In case we still think that order of listing the two is a mistake, we can see them again in Acts, when Luke tells us Priscilla and Aquila — again in that order — guided Apollos to a greater understanding of and position in the Church: “He (Apollos) began to speak boldly in the synagogue, but when Priscilla and Aquila heard him, they took him aside and explained to him the way of God more accurately.” (Acts 18:26 ESV) Priscilla, with Aquila, is teaching and leading Apollos in Scripture and faith — an act that would have been anathema to first century Jewish society, and, *sigh*, to much of 21st century Christianity.
In each of these cases, and in the stories of the Virgins, Martyrs and Desert Mothers, we see women filling crucial roles not just in supporting, but in leading, teaching, evangelizing and building up the Body of Christ. To which, some who read this will pull from their back pocket Paul’s seemingly air-tight prohibition against women preaching and leading in the Church, in 1 Timothy 2:11-12: “A woman should learn in quietness and full submission. I do not permit a woman to teach or to assume authority over a man; she must be quiet.”
When read by itself the passage from 1 Timothy 2 seems to obliterate any “biblical” argument for women serving as coequal leaders with men in all aspects of the Church. But, we can’t read that short passage absent Paul’s clear references to Junia, Priscilla and Phoebe (who many scholars believe delivered Paul’s epistle to the Romans). Nor should it be read absent the context and questions of translation and interpretation that surround this and so many other of his passages. For an excellent unpacking of these issues surrounding Paul’s teaching on women in ministry I recommend Gail Wallace’s article for The Junia Project, “Defusing the 1 Timothy 2:12 Bomb.”

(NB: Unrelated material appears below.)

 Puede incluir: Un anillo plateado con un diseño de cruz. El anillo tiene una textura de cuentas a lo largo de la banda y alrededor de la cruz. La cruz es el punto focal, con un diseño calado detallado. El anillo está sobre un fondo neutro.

Of course, arguments continue to rage over this issue, and many who are smarter and far more learned than I can pick apart Paul’s letters to far greater extent than I have space in this article, time in my day or skill in my quiver, yielding equally impressive-sounding conclusions on both sides.
So, if a tie must be broken, what better arbiter than Christ? When it came time to reveal himself in the Resurrection, the Risen Lord did not appear to any of the Gospel authors, or to one of the 11 remaining (male) apostles. He appeared to, He chose, Mary Magdalene, imparting to her the role of first proclaimer of the Resurrection. And, if Christ Himself chose Mary Magdalene to fill that role, to place first in the pulpit of Christian preaching a woman, who am I to argue? Who are we to have withheld that position for so long?
Simply put, we never had that authority — to withhold authority given by God. We are made, and called, together, in the image of God. And, as we grow closer to the Kingdom of God, as we remake this world ever-so-slowly to more closely resemble Christ, I believe we must and will see more of Priscilla and Aquila, of Junia and Andronicus. Side by side, building together, we draw closer to God, who is in us all, male and female.
In closing, I offer a prayer from the Episcopal House of Bishops meeting in March, 2019:
That as we observe and celebrate the gift of women … may we always have the good mind to celebrate the gifts of every woman – created in the image and likeness of our God – to proclaim the Good News to a world in need of a Word from the Lord! May God bless the women who serve our Church in the Laity, in Religious and Monastic Life, in the Diaconate, in the Presbyterate and in the Episcopacy: may they continue to sustain, nourish and empower our world to see one another as God sees us! Amen.